Additionally, the Court noted that the Minister’s reasons did not acknowledge or respond to Merck’s arguments regarding the object and purpose of the legislation. In its submissions to the Minister, Merck provided extensive arguments that the object and purpose of Canada’s CSP legislation is to promote innovation and investment of drug products in Canada by providing an additional period of patent protection to partly compensate for the time spent obtaining marketing approval. The Court held that Merck’s dedicated material arguments relating to the purpose of Canada’s CSP legislation should have been addressed in the Minister’s decision-making process. As a result, the Court found the Minister’s decision to be unreasonable because it has failed to consider a relevant aspect of the interpretive context that was expressly raised in argument by Merck.
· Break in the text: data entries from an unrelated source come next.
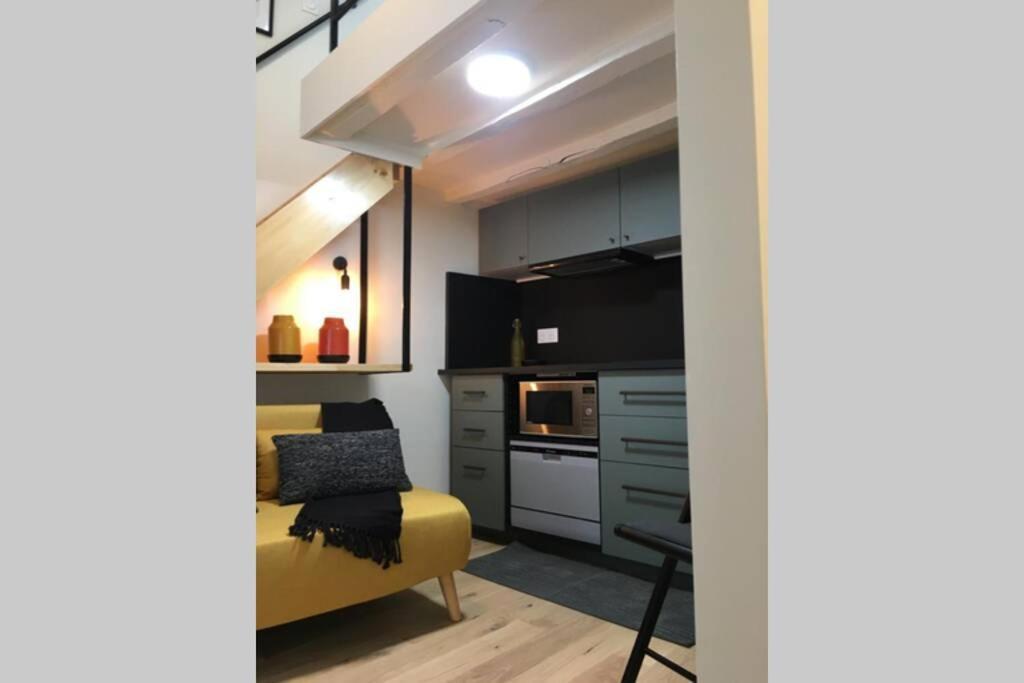 Charming Studio Michel Lecomte Paris 75003 Appartamento Esterno foto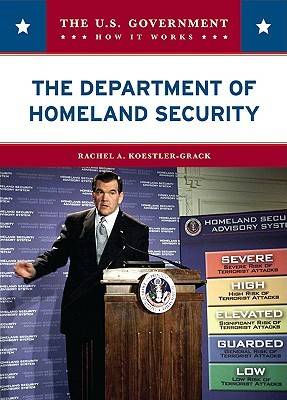 Book cover for The Department of Homeland Security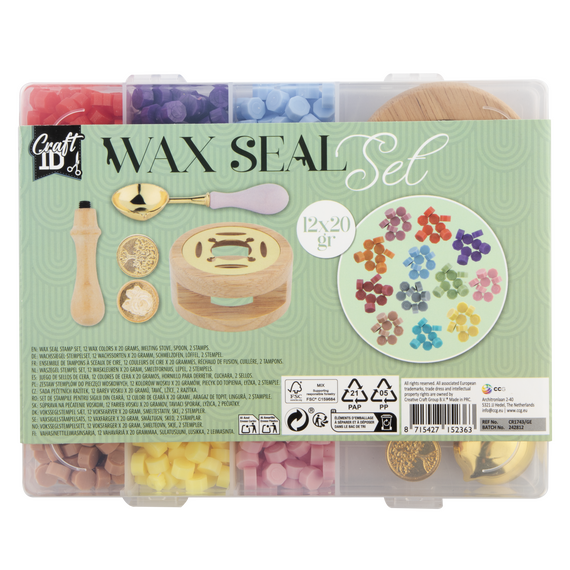 Craft ID - Wax Seal Set (CR1743) / Toys
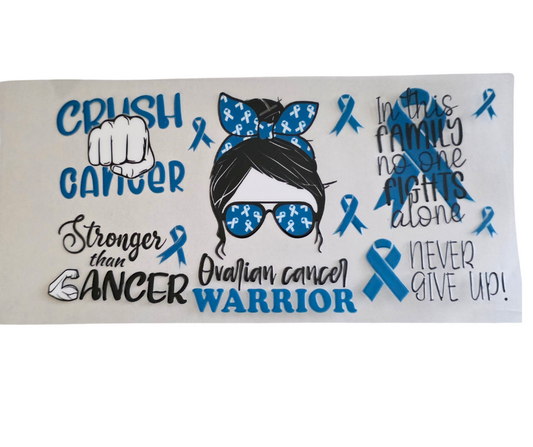 OVARIAN CANCER WARRIOR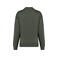 Sudadera oversize eco-responsable reciclada unisex NS407. Color caqui orgánico.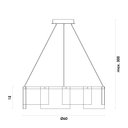 Ver imagem 5 de Pendente Gonna 1xled 24w Iluminação Ambiental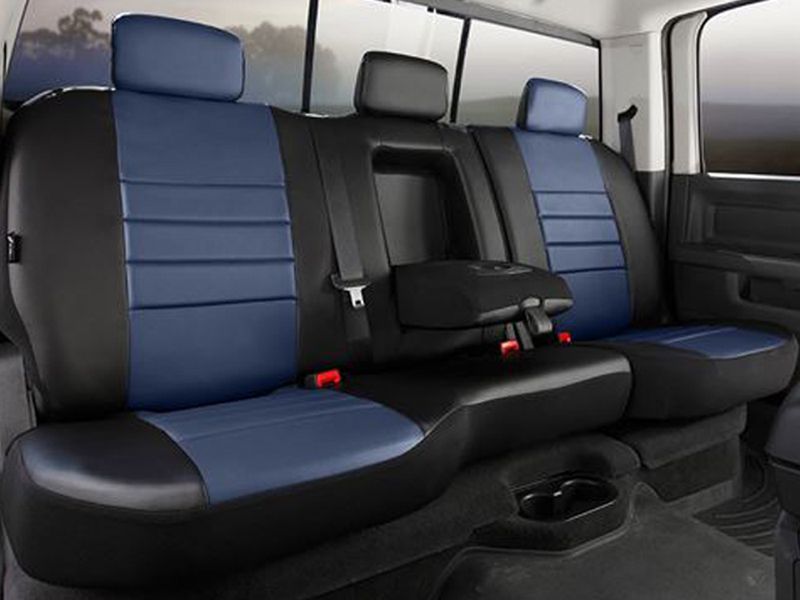 21C BRONCO SL REAR 60/40 SPLIT SEAT COVER BLUE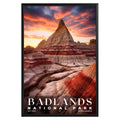 Badlands National Park Poster - GroovyGrove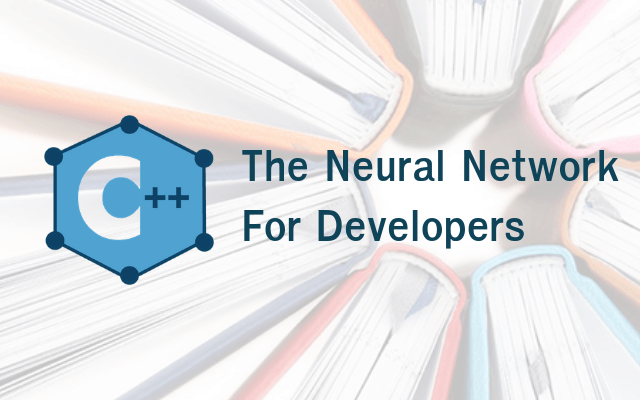 The Neural Network For C ++ Developers Main Logo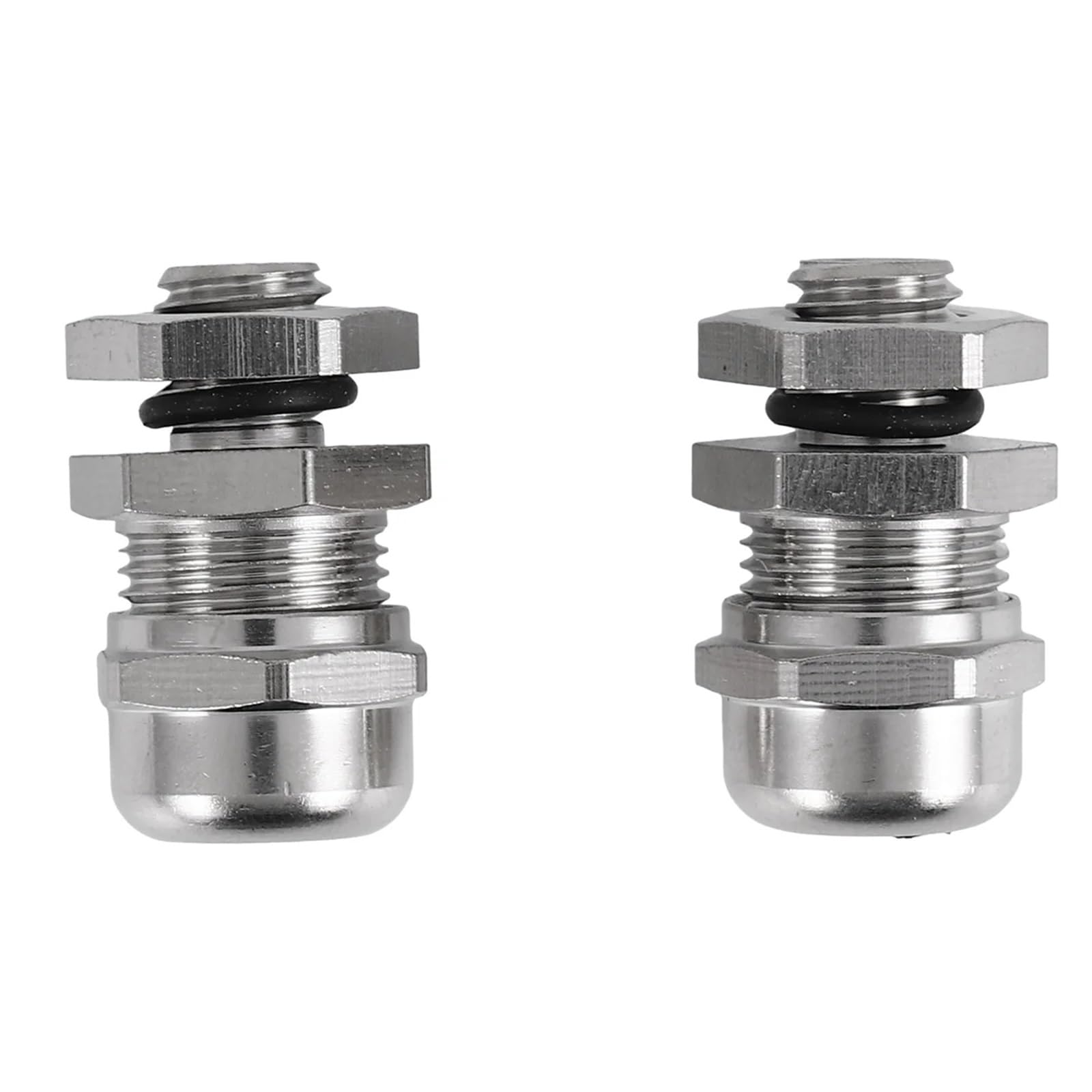 Prensaestopas M8 impermeable para proteger el cableado de iluminación exterior y jardín de 2-5mm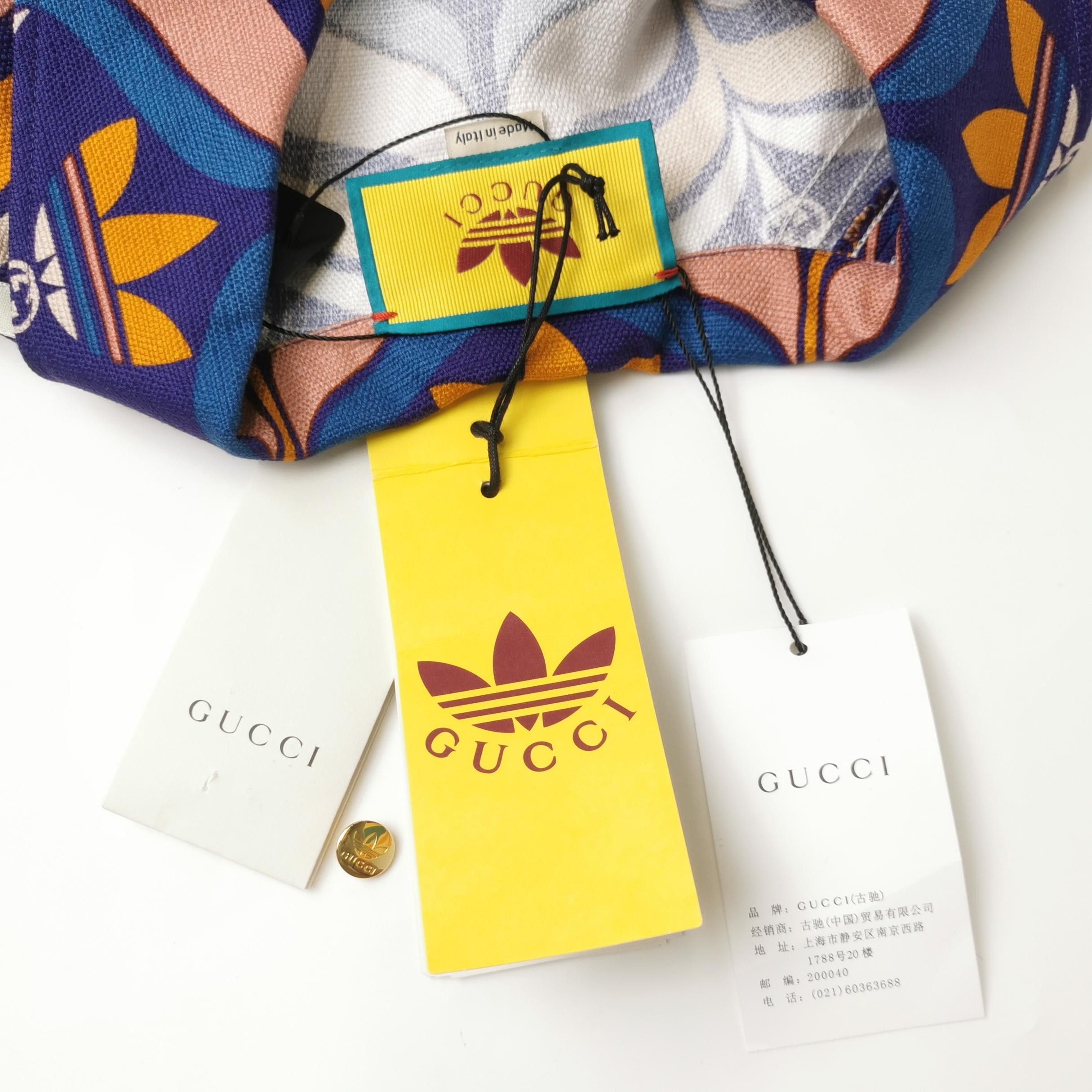 Gucci Gucci x Adidas Geometric Button Up Shirt Size 40 Size S / US 4 / IT 40 - 3 Thumbnail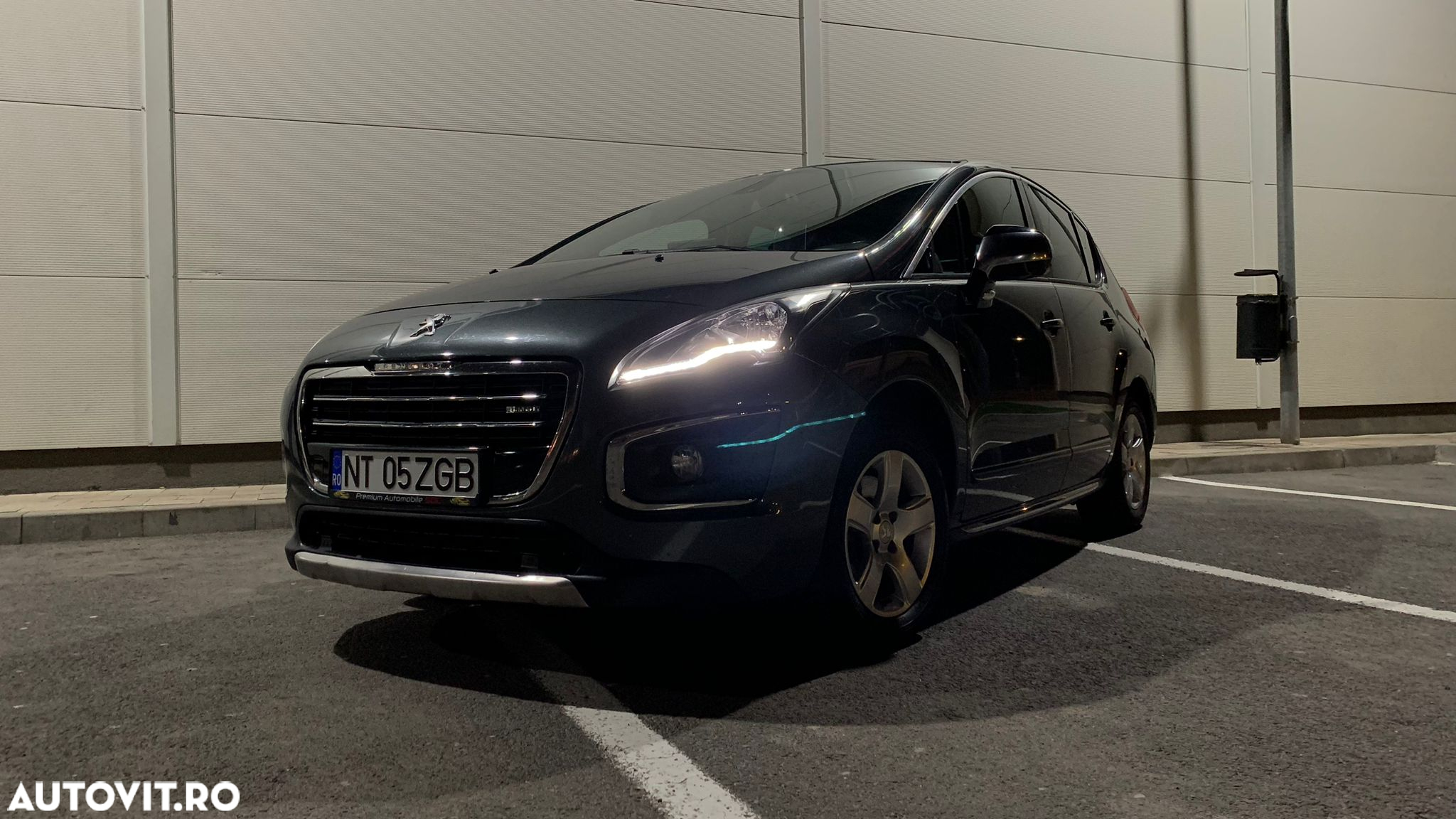 Peugeot 3008 Hybrid4 88g/85g - 5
The Court did not direct the Minister to issue the CSP to Merck for BELSOMRA as requested by Merck. Instead, the Court sent the case back to the Minister for redetermination and refused to comment on whether it otherwise approved or disapproved of the Minister’s interpretation of the CSP provisions of the Patent Act. The Court remarked that the Minister is “best positioned” to undertake an interpretive analysis of the CSP legislation, and that the Court should “generally pause before definitively pronouncing upon the interpretation of a provision entrusted to an administrative decision maker”. This is a typical form of relief in judicial review applications and is consistent with the deferential approach to reasonableness set out by the Supreme Court of Canada in Vavilov3.
This case continues the trend of the Minister in interpreting the CSP provisions very strictly, and the courts reverting the matter back to the Minister with direction to consider Canada’s obligations under international trade agreements when making decisions that impact a manufacturer’s rights.
If the Minister wishes to appeal this decision to Federal Court of Appeal, the appeal must be filed October 29, 2021.
The resolution of the case will be of interest to manufacturers faced with challenges during the review of drug submission and considerations for withdrawal and resubmission of an NDS. It will also be relevant when Health Canada accepts “rolling” submissions. A rolling submission is a submission that remains pending and to which data is added on a rolling basis to expedite review. (In contrast, the submission under consideration in Merck was withdrawn and then refiled.) Rolling submissions have been accepted by Health Canada, and other regulators, for COVID-19 vaccines and therapeutics, and Health Canada has indicated flexibility with respect to submission types for the future. Clarity is needed not only on the precise question at issue for Merck, but also on what constitutes a first application for marketing approval in Canada and in a foreign jurisdiction in the context of a rolling submission.